Diego Sandoval de Castro no se quedó tranquilo con la noticia del exilio de los hermanos de Isabella y se procuró una guardia personal en sus constantes viajes entre Cosenza, su lugar de trabajo, y Bollita, su residencia y donde estaba su mujer. Aún así, los hermanos de Isabella le tendieron una emboscada en un bosque a mitad de camino, se supone que en Noia, y lo asesinaron también. Lo más dramático fue que, mientras el asesinato de Isabella pasó desapercibido, e incluso fue aprobado por una sociedad que contemplaba sin remilgos la posiblidad de matar a una mujer si su conducta deshonraba a la familia, la muerte de Diego fue duramente perseguida por cuanto se consideró un crimen a traición y un atentado a un superior en rango nobiliario.

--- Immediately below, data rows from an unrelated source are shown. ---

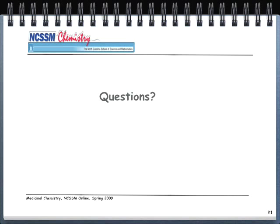If there are any questions, we'll see you during the Illuminate sessions. Thank you very much.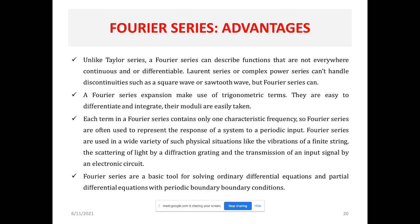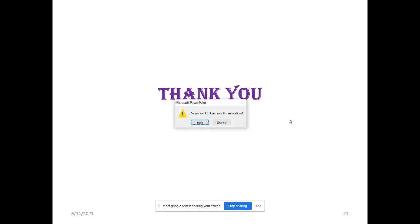Second, a Fourier series makes use of trigonometric terms that are easy to differentiate and integrate, and their moduli are easily computed. Third, each term in a Fourier series contains only one characteristic frequency, so Fourier series are used to represent the response of a system to a periodic input — such as vibrations of a finite string, scattering of light by a diffraction grating, and transmission of signals by electronic circuits. Fourier series are also a basic tool for solving ordinary and partial differential equations with periodic boundary conditions.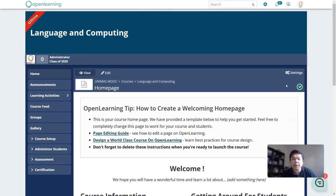Hello everyone. Now that you have your MOOC page on Open Learning, you might be wondering what else needs to be done. This video will show you some quick steps in doing the most essential things on your Open Learning page.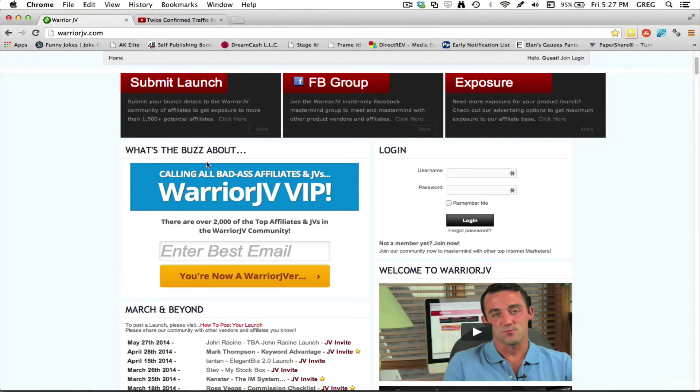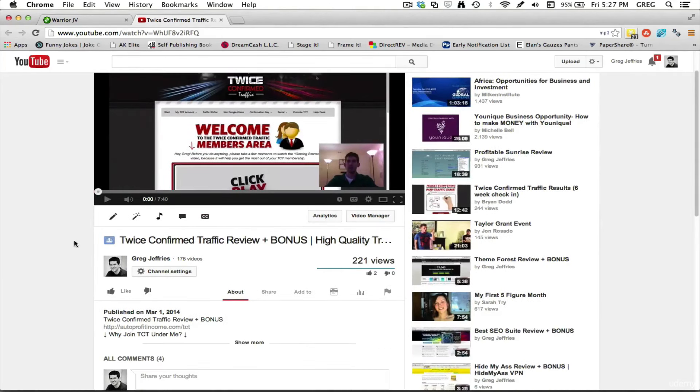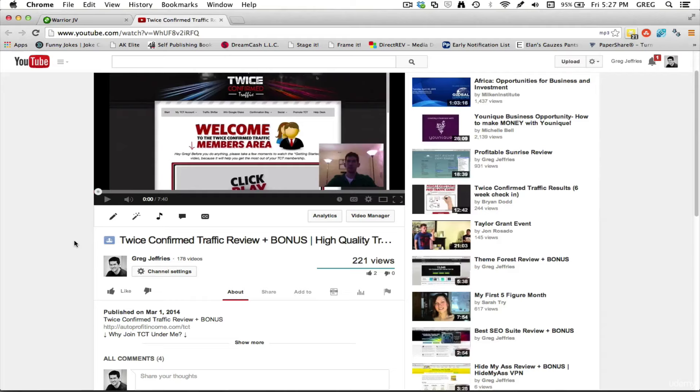Next thing you're going to do is you're going to learn a little bit about that product and you're going to make a short video review of that product. And then you're also going to want to think about what's a bonus that I can provide as an incentive for people to purchase through my affiliate link. A lot of times you want to try to see if you can come up with a bonus that's related to that product.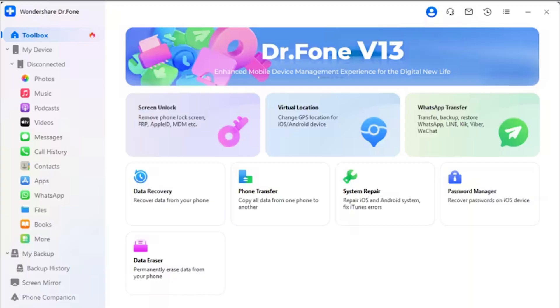Step 1: Launch WhatsApp Transfer Tool. Initiate the process by launching Wondershare's Dr. Fone on your computer, and continue to connect your Android and iOS devices with your computer through a USB cable. After connecting the devices, continue to Toolbox > WhatsApp Transfer navigation to launch the specific tool.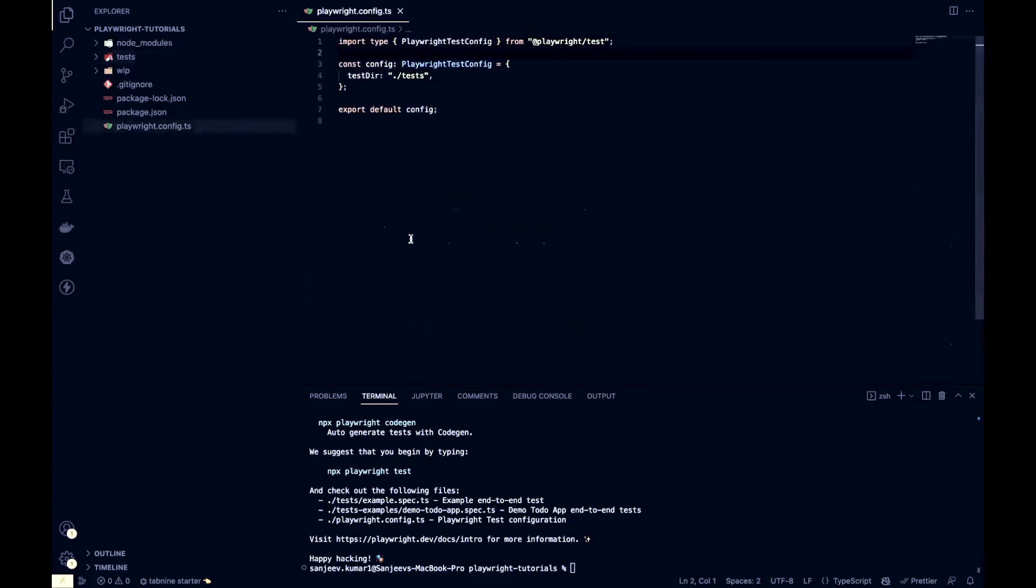Yeah, so that's it about the installation part. We will see you all in the next video where we are going to write the test scripts.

Los asesinos consiguieron huir a Francia, el padre había muerto hacía algún tiempo. Su hermano Scippione les ayudó a mantenerse en el nuevo país. Fabio se empleó como ayudante de su hermano, Decio ingresó en una orden religiosa y Cesare se casó con una aristócrata francesa. Sólo Marcantonio permaneció unos meses en prisión, en la celda de su propio castillo, acusado de ser el ideólogo del crimen, mientras que el menor de los hermanos, Camillo, fue absuelto al demostrarse que se había mantenido al margen del complot. El triste final de Isabella di Morra dio lugar desde entonces a numerosas leyendas y hoy en día, los guías que enseñan el castillo familiar de Favale a los turistas, cuentan que por él se pasea aún el fantasma de la joven.



Fuentes:
http://www.escritorasypensadoras.com/fichatecnica.php/120
QUERALT DEL HIERRO, MARÍA PILAR. Mujeres de Vidas Apasionadas. 2010 La Esfera de los Libros S.L
BERTOMEU MASIÁ, MARÍA JOSÉ. Transgredir aquellas reglas de silencio impuestas a las mujeres: Issotta Nogarola e Isabella di Morra. 

4 comentarios:

lady grey dijo...

¡Oh por Dios!Que historia tan interesante has puesto en vuestro blog,es definitivamente un placer leer tus entradas.
El honor de la familia servía para que se cometieran atrocidades como esas y en una sociedad tan celosa por cuidar a las mujeres la llegada de la desgracia se hacia inminente para la pobre Isabella.
Me has dejado gratamente sorprendida.
Besos y abrazos...

Magnolia dijo...

Hola lady Jane:

Y yo agradecida siempre por tus palabras que son un aliento para mi. Es gratificante saber que las mujeres que van paseándose por mi blog despiertan admiración. Mi intención desde aqui es dar mi pequeño homenaje a estas vidas no siempre conocidas pero que tienen igualmente un sitio en la historia.

El caso de Isabella es el fiel reflejo de una sociedad machista. Mientras que a los hombres se les permitía toda clase de libertades, a la mujer se le imponía límites y barreras. Triste es comprobar en la historia de esta pobre mujer que su asesinato pasó desapercibido y hasta justificado por esta sociedad mientras que en el de su supuesto "amante" sus asesinos fueron perseguidos.

Un fuerte abrazo

Dissortat en l'exili dijo...

Triste historia.

(Me gusta el nuevo diseño del blog

Saludos

Magnolia dijo...

Gracias Dissortat :-)

Como estamos en primavera le he querido dar un ambiente florido. De tanto en tanto me gusta cambiar el look a mi espacio y romper con la monotonía.